BY ROBERT P. MADER of CONTRACTOR’s staff
SACRAMENTO, CALIF. — The California Pipe Trades Council and the California Plumbing-Heating-Cooling Contractors are in a row over California PHCC’s open-shop apprenticeship program. California’s United Association affiliate is appealing approval of PHCC’s apprenticeship program statewide.
The California Apprenticeship Council, to whom the pipe trades have appealed, was supposed to make a decision about the PHCC program at the end of April. A three-member panel, however, reported to the council that it did not have enough information to recommend a course of action.
In the days preceding the council’s meeting, the pipe trades sent out a scathing press release that charges Gov. Arnold Schwarzenegger with illegally approving the PHCC program in order to enrich his campaign contributors. The unions object to the PHCC Plumbers Unilateral Apprentice Committee getting state funds that pay for part of the training program.

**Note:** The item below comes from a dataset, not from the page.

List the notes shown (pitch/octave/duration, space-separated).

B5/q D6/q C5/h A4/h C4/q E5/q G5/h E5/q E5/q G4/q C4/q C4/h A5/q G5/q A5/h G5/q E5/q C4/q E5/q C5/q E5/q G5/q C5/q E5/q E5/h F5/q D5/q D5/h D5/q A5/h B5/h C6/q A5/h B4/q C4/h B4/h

The pipe trades allege that PHCC doesn’t train its apprentices, and the press release describes the PHCC program with adjectives such as “shoddy,” “substandard” and “rogue.”

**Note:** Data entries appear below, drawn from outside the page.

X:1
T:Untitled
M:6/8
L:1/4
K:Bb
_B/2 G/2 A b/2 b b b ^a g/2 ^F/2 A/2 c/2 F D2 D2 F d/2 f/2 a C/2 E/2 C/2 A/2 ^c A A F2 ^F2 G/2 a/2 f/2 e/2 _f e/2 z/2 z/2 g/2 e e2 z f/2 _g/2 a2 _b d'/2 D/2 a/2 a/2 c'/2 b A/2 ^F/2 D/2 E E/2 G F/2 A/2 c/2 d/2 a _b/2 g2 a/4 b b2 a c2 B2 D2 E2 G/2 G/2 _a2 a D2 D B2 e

“Our program has been in existence since 1994, but with its expansion statewide, the unions all complained,” said Steve Lehtonen, California PHCC’s executive manager. “It’s a competitive thing rather than anything else. They don’t want us to train all across the state.”
Jack Davis, an attorney for the Pipe Trades Council, said that the three-person panel will hold another meeting at the end of May and the full Apprenticeship Council will make a decision at either a specially called meeting or at the regular CAC meeting at the end of July.
The press release also says that Schwarzenegger is backing the PHCC program.
“They say Schwarzenegger has been helping us, he has not helped at all,” Lehtonen said. “We’re still dealing with the same guy, John Rea, director of the Department of Industrial Relations, who is the guy who had been lead counsel of the department under [former Gov.] Gray Davis, and he had been a stumbling block. In fact, we were upset that when Schwarzenegger came into office, he promoted the guy.”
PHCC - National Association has been in existence since the pre-union days in 1883 and has both union and nonunion members. One of its enhanced service groups is the Union Affiliated Contractors. The California association started its apprenticeship program to give its nonunion members access to a recognized apprenticeship program.
The Pipe Trades Council and nonunion contractors have been battling over apprentice programs for more than 15 years. An old California law said there could not be “parallel” apprenticeship programs. The Republican administration of former Gov. Pete Wilson in the early 1990s began approving open-shop programs, which survived court challenges, effectively killing the “parallel program” rule.
After the union-friendly Davis administration took office, the union-dominated Apprenticeship Council tried to institute a “needs” test — did a locale “need” both apprenticeship programs? The U.S. Department of Labor stepped in and told the Apprenticeship Council that the test constituted the illegal “parallel program” scheme, just using different words.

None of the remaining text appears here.